Jacob Petrus Coetsee is just five years younger than Stellenbosch University (SU). With almost a century to look back on, he has enough stories to fill several books. And he remembers his days as a Matie student like it was yesterday.
Coetsee did his master’s degree in Afrikaans/Dutch at Stellenbosch, followed by an SED and MEd-I course.
He says, for example, that meals at Dagbreek men’s residence, where he lived with roommates Theo Pistorius in 1943 and Oloff Smit in 1944, were, according to him, not always something to write home about. “The food was terrible. We boycotted the food more than once: we’d pour everything standing on the table – salt, pepper, mustard, tomato sauce – into the dishes and onto the table, mix it all up so that it couldn’t be used again, walk out and go and eat at Suikerbossie.”
Student humour was clearly in abundance. The lecturer society’s annual dinner, also held in Dagbreek’s dining hall, was another example of this. During the course of the dinner in the dining hall, some of the sturdier students carried one lecturer’s small, lightweight car up the stairs, pushed it through the quad, carried it up more stairs and set it down in front of the closed doors of the dining hall. At a prearranged time, all Dagbreek’s lights were switched off and, when the guests opened the doors to the dining hall to investigate – there stood the car, its lights on bright. “The lecturer had to plead with the students to take his car outside again and to promise that he’d award everyone good marks for the next semester.”
Only one student in Dagbreek had a car in those days, bicycles being the general mode of transport back then. And, just like many other everyday things, the latter were also found to be a source of fun. One day, for example, the students got their hands on the bicycle belonging to the traffic constable known as Five Bob and hoisted it up Dagbreek’s flagpole. “I, too, had a bicycle, which I’d bought third-hand from Appie de Beer. His widow is, coincidentally, living in the same home for the elderly as I am,” says Coetsee. Bicycle theft was a common occurrence even back then and Coetsee’s bicycle also disappeared once. A month later, he saw his bicycle standing dustily at the station – someone just wanted to “borrow” it.
After his studies, Coetsee taught in Kirkwood for three and a half years. When he started to lose his hearing, he left teaching and went onto a specialist division at the then Department of Education, Arts and Science in Pretoria – the Language Service Bureau.

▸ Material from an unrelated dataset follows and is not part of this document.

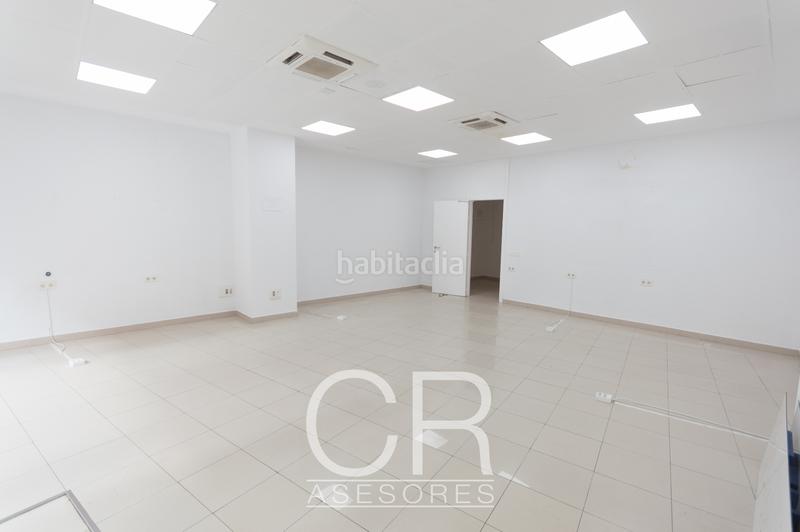 Foto 0b5bca85-e6b5-436e-8c91-1097abc8603b. Location local commercial dans calle palencia 11 dans Granada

There he did translation work, language guidance and editing, mainly in Afrikaans. “Seventeen years later, I came and did in Stellenbosch what I’d actually already wanted to do as a student – I became co-editor at the Woordeboek van die Afrikaanse Taal, the WAT.”
Coetsee retired from the WAT in 1985; he has been a pensioner for 32 years now. With Part 14 of the dictionary in his hand, he says, “I’ll have you know that a lot of sweat went into this book”. According to Coetsee, a Dutchman by the name of Joseph Scaliger wrote in 1597 that “if someone were to deserve the most severe punishment, do not throw him in prison or send him to the mines, no, let him write dictionaries, because in this one activity are compressed all possible torments of the human spirit”.
According to his daughter, Coetsee is a positive person and he never stops learning. “He’s a walking encyclopedia. When someone in the family doesn’t know something, we simply phone him.” Coetsee dedicated his entire life to Afrikaans and it saddens him to see the way that Afrikaans is going. He does not think that the process cannot be reversed; it can, he says, be halted if everyone who cares for the language does her or his duty. His motto: “Be honest and treat your fellow human beings with respect.” A university is, to Coetsee, an after-school institution where information, insights and skills are transferred to less knowledgeable persons. “Dedicate yourself to your studies and the rest is incidental.”